═══ Task input ═══

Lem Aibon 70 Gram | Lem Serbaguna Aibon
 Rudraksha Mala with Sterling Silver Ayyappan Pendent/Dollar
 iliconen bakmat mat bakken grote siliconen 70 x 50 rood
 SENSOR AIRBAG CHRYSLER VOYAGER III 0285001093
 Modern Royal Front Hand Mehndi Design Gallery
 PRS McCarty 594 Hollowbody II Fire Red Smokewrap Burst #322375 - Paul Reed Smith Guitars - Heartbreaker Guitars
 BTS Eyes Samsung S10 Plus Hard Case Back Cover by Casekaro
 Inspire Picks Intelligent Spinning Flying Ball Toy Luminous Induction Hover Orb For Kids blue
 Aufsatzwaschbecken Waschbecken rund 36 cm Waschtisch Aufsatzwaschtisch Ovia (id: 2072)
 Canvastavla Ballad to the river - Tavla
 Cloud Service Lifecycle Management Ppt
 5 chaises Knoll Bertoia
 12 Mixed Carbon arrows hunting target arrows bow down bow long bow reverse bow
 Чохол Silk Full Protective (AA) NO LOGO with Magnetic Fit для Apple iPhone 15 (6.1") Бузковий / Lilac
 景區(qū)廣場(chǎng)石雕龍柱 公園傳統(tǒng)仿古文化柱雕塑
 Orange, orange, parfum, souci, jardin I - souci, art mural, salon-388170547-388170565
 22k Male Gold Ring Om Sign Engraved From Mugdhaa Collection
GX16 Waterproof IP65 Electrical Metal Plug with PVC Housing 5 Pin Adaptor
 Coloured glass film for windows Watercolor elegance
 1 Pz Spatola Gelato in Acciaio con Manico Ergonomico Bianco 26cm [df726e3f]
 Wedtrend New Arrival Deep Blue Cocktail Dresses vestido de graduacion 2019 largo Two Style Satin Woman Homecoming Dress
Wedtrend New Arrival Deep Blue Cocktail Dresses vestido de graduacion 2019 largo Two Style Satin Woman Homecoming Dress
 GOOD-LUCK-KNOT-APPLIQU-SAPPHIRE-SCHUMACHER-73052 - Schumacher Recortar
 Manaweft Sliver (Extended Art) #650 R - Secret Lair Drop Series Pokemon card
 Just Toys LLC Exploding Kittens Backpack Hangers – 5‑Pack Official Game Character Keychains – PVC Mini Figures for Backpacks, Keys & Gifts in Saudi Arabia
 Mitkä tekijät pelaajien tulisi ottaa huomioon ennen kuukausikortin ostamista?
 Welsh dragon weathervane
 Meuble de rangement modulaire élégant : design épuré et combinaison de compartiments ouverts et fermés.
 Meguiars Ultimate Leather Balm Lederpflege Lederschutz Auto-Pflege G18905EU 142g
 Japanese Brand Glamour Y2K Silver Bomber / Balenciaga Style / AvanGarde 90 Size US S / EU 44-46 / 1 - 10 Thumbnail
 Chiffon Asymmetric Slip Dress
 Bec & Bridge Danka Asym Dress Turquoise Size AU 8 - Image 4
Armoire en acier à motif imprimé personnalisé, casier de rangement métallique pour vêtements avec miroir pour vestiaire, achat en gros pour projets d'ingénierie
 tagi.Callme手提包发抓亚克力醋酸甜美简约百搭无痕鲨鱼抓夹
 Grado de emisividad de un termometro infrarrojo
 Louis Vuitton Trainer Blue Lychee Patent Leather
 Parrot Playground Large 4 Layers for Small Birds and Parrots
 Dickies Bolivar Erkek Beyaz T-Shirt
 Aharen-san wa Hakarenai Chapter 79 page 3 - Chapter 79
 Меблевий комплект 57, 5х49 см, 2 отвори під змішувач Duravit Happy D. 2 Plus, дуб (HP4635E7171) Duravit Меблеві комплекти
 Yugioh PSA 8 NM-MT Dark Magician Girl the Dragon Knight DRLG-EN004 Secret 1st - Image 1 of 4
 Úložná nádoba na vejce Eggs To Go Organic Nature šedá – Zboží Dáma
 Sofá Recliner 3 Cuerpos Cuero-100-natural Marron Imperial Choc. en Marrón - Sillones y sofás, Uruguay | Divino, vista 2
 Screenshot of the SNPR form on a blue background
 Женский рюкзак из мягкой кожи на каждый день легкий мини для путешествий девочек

═══

Your answer should be only a number: how many lines of the data above contain the string "rangement"?

__Response area__
2